NetworkiteJS database is a pure JavaScript persistent graph database that has its own query language. It uses the latest ES6 features such as generators, to make itself easier to use and implement. It runs on Nodejs and its primary purpose is to aid scripting since it requires no schema to be present. Any JSON object can be related to any other JSON object with any relational identity although relational identities are required to be strings.
Here's how a write API can be initialized, chained, and executed
db.writer()
.add({name: "Simon"})
.add({name: "Jonathan"})
.execute()
Here's how you insert a JSON object into the database
db.writer().add({
name: "John",
age: 26,
favColors: [
[255, 165, 0],
[255, 192, 203],
"Violet",
"Taupe"
]
}).execute()
This JSON object will also be assigned a __relation_id field automatically which should, in most cases be irrelevant but can come in handy when fast access is required. Here's how you'd create a relation.
db.writer().link(pattern.Pattern({name: "John"}), "follows", pattern.Pattern({name: "Laura"})).execute()

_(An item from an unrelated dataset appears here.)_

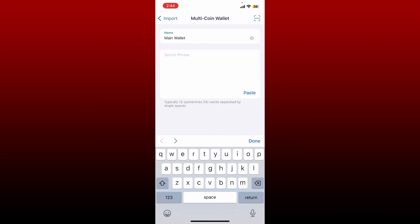You can also type in the name for your wallet. Simply go ahead and type in the name that you'd like to provide for your wallet in the first text field.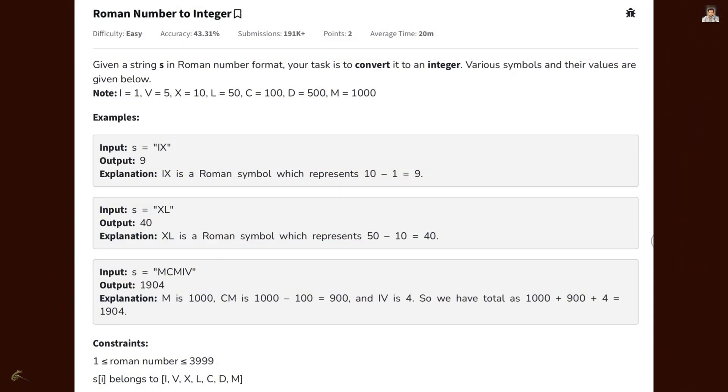Welcome to the channel. Roman to integer conversion solution.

You can use the method linkAll to link everything matching a pattern. Patterns will be discussed in greater lengths later but just to have everyone on the same page, patterns allow us to partially specify an object in a generic way, which can be matched against every object that has the given pattern. For instance, the aforementioned "John" object would match the first pattern given to the link method since it has a field named "name" containing the value "John".
Deletion on objects themselves is yet to be implemented but relations can be deleted simply by calling unlink or unlinkAll with the same kinds of arguments the link and linkAll functions take.
The query language presented here is less like SQL and more like an ORM since it is not parsed separately but instead it's an object-oriented way of extracting relevant data. The query class of a database can be created by calling the db.query() method. Here's how you'd extract mutual followers of two individuals "John" an "Laura".
const query = db.query()
.vs(pattern.Pattern({name: "Hamid"}))
.outs("follows")
.intersect(db.query().vs(pattern.Pattern({name: "Laura"})).outs("follows"))
which on the following dataset
db.writer()
.linkAll(pattern.Pattern({name: "Hamid"}), "follows", pattern.Pattern({name: "Victoria"}))
.linkAll(pattern.Pattern({name: "Hamid"}), "follows", pattern.Pattern({name: "John"}))
.linkAll(pattern.Pattern({name: "Hamid"}), "follows", pattern.Pattern({name: "Williams"}))
.linkAll(pattern.Pattern({name: "Laura"}), "follows", pattern.Pattern({name: "Victoria"}))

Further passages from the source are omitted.